ASML a nettement accéléré son programme de rachat d’actions, quitte à payer le prix fort. Le fabricant néerlandais de machines pour l’industrie des semi-conducteurs a retiré de la cote près d’un milliard d’euros de ses propres titres dans les dernières semaines de juillet. Pourquoi une telle opération ?
ASML rachète plus de 600 000 de ses actions
Entre le 13 et le 31 juillet, ASML a racheté environ 643 795 de ses propres actions, selon ses rapports de transactions. L’opération représente près de 969 millions d’euros, à un prix moyen d’environ 1 506 euros par titre.

Le rythme s’est fortement accéléré après la publication des résultats trimestriels, le 15 juillet. Les rachats représentaient d’abord environ 16 millions d’euros par séance, avant de grimper à près de 78 millions d’euros.
Sur l’ensemble du deuxième trimestre, ASML avait racheté pour environ 1,1 milliard d’euros de ses propres actions. En trois semaines, le groupe en a donc presque égalé le montant.
Les salariés recevront un paquet d’actions de 20 000 euros
ASML a annoncé en juillet que la quasi-totalité de ses salariés recevrait une attribution exceptionnelle d’actions d’une valeur de 20 000 euros, qui ne pourra être cédée qu’à partir du début de 2030.
Le groupe comptait alors environ 44 500 employés.
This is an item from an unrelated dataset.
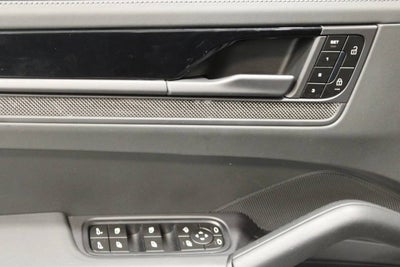 2025 Porsche Cayenne Coupe GTS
Le dispositif représente donc près de 890 millions d’euros, soit environ 591 000 actions au prix moyen de rachat.
Ce montant est proche des quelque 644 000 titres rachetés en juillet, même si aucun lien direct n’a été confirmé. L’opération s’inscrit dans un programme de rachat de 12 milliards d’euros courant jusqu’à fin 2028, dont un maximum de 2 millions d’actions peut être affecté aux dispositifs de rémunération.
Pourquoi ASML paie-t-il le prix fort ?
Parce que le cours s’est envolé dans le sillage de l’essor de l’intelligence artificielle. ASML fabrique les machines qui impriment, à l’aide de la lumière, les motifs des puces sur des plaques de silicium. Le groupe est le seul fournisseur de la version la plus avancée de ces équipements, les machines EUV.
Les fabricants de puces investissent des milliards dans des usines dédiées à l’intelligence artificielle, ce qui se traduit directement dans le carnet de commandes du groupe à Veldhoven.
L’action gagne environ 45 % depuis le début de l’année. En 2025, ASML payait en moyenne autour de 715 euros par action, contre plus de 1 500 euros aujourd’hui. À budget équivalent, le groupe aurait alors pu racheter plus de deux fois plus de titres.
Sur vingt ans, ASML a racheté pour 29,25 milliards d’euros de ses propres actions. L’an dernier à lui seul en représentait un cinquième.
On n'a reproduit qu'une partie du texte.